When I actually made the Sith Lord comment, what I said was, someday I may SAC up and tell the world who the mastermind was. And that was a way of getting across to the two of them who I was talking about. And since then, by the way, every day there's been people from SAC Capital reading Deep Capture, and also from Milken's office. We analyze the IPs and [they've] kept a very close eye on everything we've been digging up since then.
So, I don't have any recordings of Michael Milken specifically talking to any of these people. But if you trace back, all kinds of shenanigans [are] going on, right even to people being pursued this week. It all traces back to a cluster of people who evolved around Michael Milken in the 1980s. Next to them, I tell you – it's either them, or you also get a lot of people with organized crime connections. Again, all of which is thoroughly documented on Deep Capture.
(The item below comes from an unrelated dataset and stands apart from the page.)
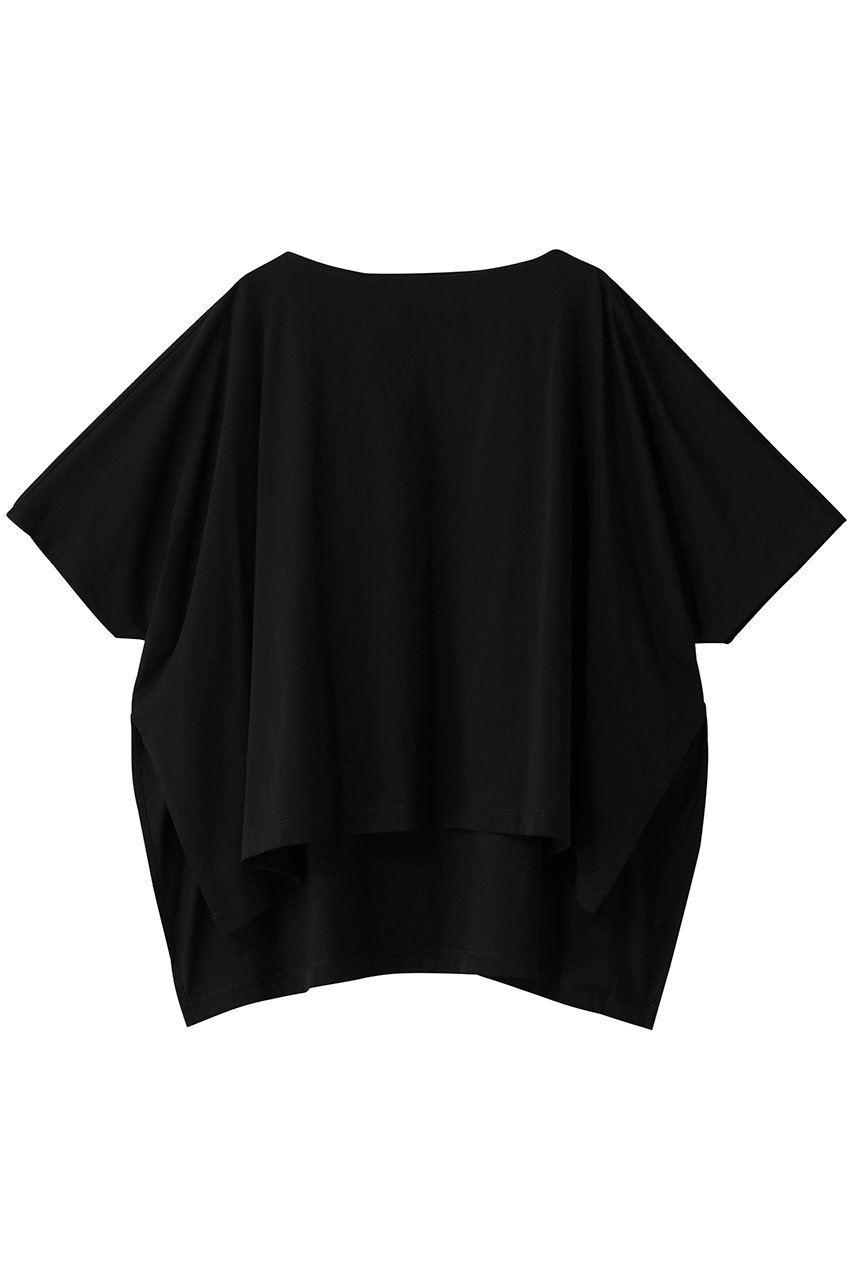 uncrave プレミアムジャージー ポンチョトップス (ブラック, F) アンクレイヴ ELLE SHOP uncrave プレミアムジャージー ポンチョトップス (ブラック, F) アンクレイヴ ELLE SHOP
And, you know, this all sounds a little bit lunatic until you look into some of the FBI cases. [Google the term] ‘Operation Uptick.' Operation Uptick was a case 10 years ago when the FBI swooped in. It was the biggest mob bust in US history, when they swooped in one day and arrested 120 people all over Wall Street and accused them of being tied into the Genovese family. So it isn't just us saying that organized crime has infiltrated [Wall Street].
I think that there's a very blurry line between organized crime and the hedge fund community.
How did recent events shape your views of the SEC and Wall Street?
I was sort of raised to have a not too positive opinion of Wall Street. I grew up in financial circles and I grew up hearing that it was dirty. It was nothing like this 20 years ago. And I was [taught] to revere the SEC – you know, regulating a capital market is a sacred mission. Both of them, the stocks of both of them has fallen in my eyes. Wall Street is or became much dirtier than it was 20 years ago when I worked there.
I think the behavior that is run-of-the-mill now would have stood out like a sore thumb a generation ago. The standards have fallen so far.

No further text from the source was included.